I have a much younger sister who is currently taking calculus as a high school junior. Given that I have a little more mathematical training than anyone else in my family, she sometimes asks me for help with her homework. This is almost invariably a humbling experience.
Last week, she was having trouble with the following indefinite integral:
\(\displaystyle
\int \frac{{\rm csch}(\ln(t))\coth(\ln(t))}{t}\,dt
\)
If you are unfamiliar with calculus, don’t worry about it—I don’t plan to go that deep into the topic today. The point of today’s exercise is to demonstrate how helpful it can be to keep in mind the old axiom, “Keep it simple, stupid!”

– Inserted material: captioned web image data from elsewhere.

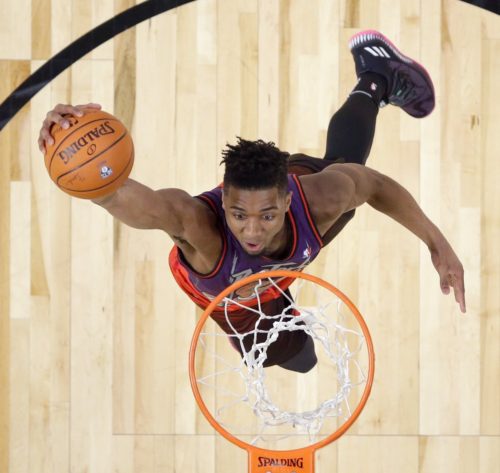 All Star Game: Δείτε τον τρομερό και φοβερό Ντόνοβαν Μίτσελ να σαρώνει στον διαγωνισμό καρφωμάτων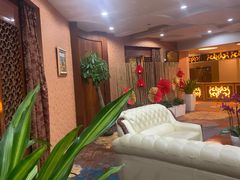 等位区-嘉莱特和平国际酒店自助餐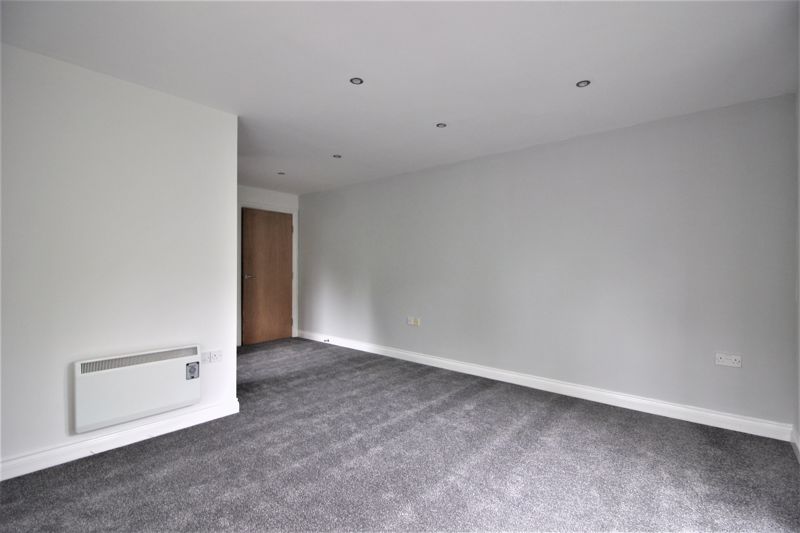 2 bed flat for sale in Trinity Road, Edwinstowe, NG21  - Property Image 3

Here was my first thought: “Hyperbolic trig functions? Hrm… let’s unpack those.” The functions in the numerator are hyperbolic trigonometric functions. These functions are actually defined in terms of exponential functions (i.e. \(e^x\)), but they behave in a manner similar to trigonometric functions with respect the derivatives, so there is some logic in calling them “trigonometric” functions. My first impulse was to unpack the definitions, and rewrite the numerator in terms of exponential functions.
This wasn’t actually a terrible idea. The argument of the two hyperbolic trig functions are natural logarithms, and (for instance) the hyperbolic cosecant of a natural logarithm simplifies down to a rational function (i.e. a fraction with polynomials in the numerator and denominator). In some ways, rational functions are easier to work with, so my instincts weren’t horrible.
After replacing the hyperbolic trig functions with rational functions, I was able to do some simplifications, and reduced the integrand to a rational function. This was not a nice function, and there really wasn’t an easy way of working with it, but I had already committed myself to one approach, and I was damned if I wasn’t going to keep going.
Rational functions aren’t too bad to integrate if the denominator is “nice” in some fashion. The usual technique for working with such functions is to decompose the fraction by way of partial fractions. It has been a while since I took calculus, so I had to look up the technique online, but after a few minutes, I had it down.
Of course, it turned out that there were several possible decompositions of the function that I was working with, so I made many false starts before gaining ground. However, after banging my head against the wall for a good 45 minutes, I finally had a decomposition that was useful. Success!
Finishing the problem required a couple of quick substitutions and some simplification. I ended up with a neat little rational function, and all it took was three hours of false starts and complex computations. Now, being a clever student, I looked up the answer in the solutions manual, and discovered that my answer looked nothing like the answer given (which was \(-{\rm csch}(\ln(t))\)).
Frustration! Back to the drawing board. But first, a quick check: after unpacking the “correct” solution, I was able to confirm that my answer matched. Whew! Crisis averted.
It was at this moment, after completely filling my whiteboard and struggling with the problem for hours, that one of my colleagues walked by my office, and made the following comment: “Why didn’t you just do a substitution in the first step?” After five minutes of work and four lines of computation, I had the correct answer. All that sturm und drang, and the solution was simple, elegant, and obvious. Why hadn’t I seen that?
At the very beginning of the process, I managed to convince myself that the problem was far more complicated than it actually was, and let that conviction lead me down a garden path. As always, the correct route was to keep it simple. D’oh!